Il talento e la determinazione di una giovane chef, ma anche il valore di una comunità cooperativa che sostiene e valorizza le storie delle donne. È il filo che unisce il percorso di Victoria Diatta, 25 anni, piacentina di origini senegalesi oggi demi chef all’Armani Hotel Milano, con quello della madre Marie, da circa vent’anni lavoratrice della Cooperativa San Martino di Borgonovo Val Tidone, realtà aderente a Confcooperative Piacenza. Un legame forte, tanto che la giovane chef racconta di sentirsi, in qualche modo, “figlia della cooperativa”, cresciuta in un contesto che ha accompagnato il percorso lavorativo e umano della sua famiglia.
La passione per la cucina accompagna Victoria fin dall’infanzia. “Fin da piccola sapevo già cosa volevo fare da grande. L’amore per la cucina mi è stato trasmesso dai miei nonni e dalle mie zie”, racconta. Dopo il percorso all’istituto alberghiero di Piacenza, la giovane decide di proseguire la propria formazione all’ALMA – Scuola Internazionale di Cucina Italiana di Colorno, dove affronta un anno intenso di studio tra teoria e pratica. È proprio durante lo stage a Milano che arriva l’opportunità destinata a cambiare il suo percorso professionale: l’ingresso nella brigata dell’Armani Hotel Milano, uno degli indirizzi più prestigiosi del Quadrilatero della moda.
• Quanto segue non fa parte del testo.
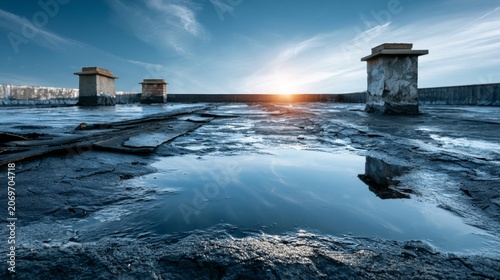 Worn Roofing Surface with Water Accumulation and Inspecting Elements Under Twilight Sky View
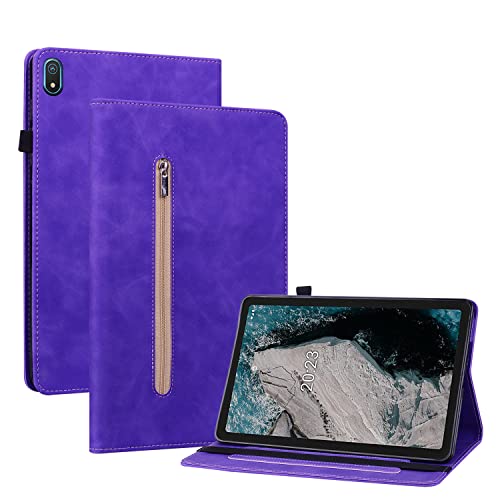 GXLONG Ooboom Zipper Coque pour Nokia T20 Tablet, Flip Smart Cover Protection Housse Étui Wallet Case PU Cuir Supporter avec Carte de Crédit Fentes Élastique - Violet Cover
Qui la giovane chef parte dal gradino più basso della brigata, come commis, e conquista progressivamente nuove responsabilità fino al ruolo di demi chef. “La pressione è altissima – spiega – perché in un hotel hai molti servizi nello stesso momento: il ristorante, il bar, richieste che arrivano da ogni parte. Serve concentrazione assoluta”. Nella cucina dell’hotel si preparano piatti che esaltano la qualità della materia prima, come il risotto con gambero rosso di Mazara o i mascheroni con lo stesso ingrediente. Non è raro, inoltre, che tra i clienti compaiano ospiti internazionali: “È capitato di servire Rosalía, Kendall Jenner, Laura Pausini, Mariah Carey. In un posto come questo può capitare di tutto”.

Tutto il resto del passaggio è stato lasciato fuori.